# Let's freeze on the beach and in the woods.



## LittleRed (Dec 27, 2009)

It was Christmas night, and we (me and the girl I like but am too shy to tell) had taken a ferry to a deserted island in the Puget sound. By the time we got off the ferry it was already dark, so we decided on the beach. I'll remind you, it's late December in the Puget sound of Washington state on a beach! haha it was a stupid idea, but we had no choice since it was already dark and luckily we were pretty prepared. We didn't set up the tent since it was clear. But we should have! Although the stars and all the shooting stars sure were pretty. And I probably don't have to tell you that, that night was bone chilling cold and was the second coldest night of my life(the first is the next night)! Anyway we were up to watch the sunrise and then we meandered into town to the bus stop. For future reference all buses in Island county Washington are free( but they don't ride on Sundays). We rode it north until we found a town that looked hospitable. When we got off the bus the first thing we did was find a place for the night. We ended up in some random woods next to the highway. That night we wanted a fire no matter what (Haha and everything around us was all frosted over). Well from a miracle, we got a fire going but not for more than 15-20 minutes before the iced over logs and the freezing cold sucked the life from the fire. But by that time it was dark so we crawled into the tent for the night.

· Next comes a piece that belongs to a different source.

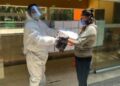 Proyecto VitaminaT, donativos para alimentar al personal que lucha en medio de la pandemia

This night was the coldest night of my entire life. But shortly Sunday morning came and we got packed up again. We walked into town to find nothing open, besides one little coffee shop on a wharf. It was a very cool place and we played cards there for an hour and a half before deciding to hitch back down to the ferry. We got to a spot on the highway and about 15 minutes later a ride all the way to our destination was there for us.


----------



## Skaggy (Dec 27, 2009)

Well shucks, the two coldest nights of your life, did you at least try and cuddle with this girl for reasons of warmth at the very least?


----------



## Johnny Lightspeed (Jan 2, 2010)

what he said ^


----------



## atomicpunk (Jan 2, 2010)

survival dictates that you should have shared body warmth by being naked


----------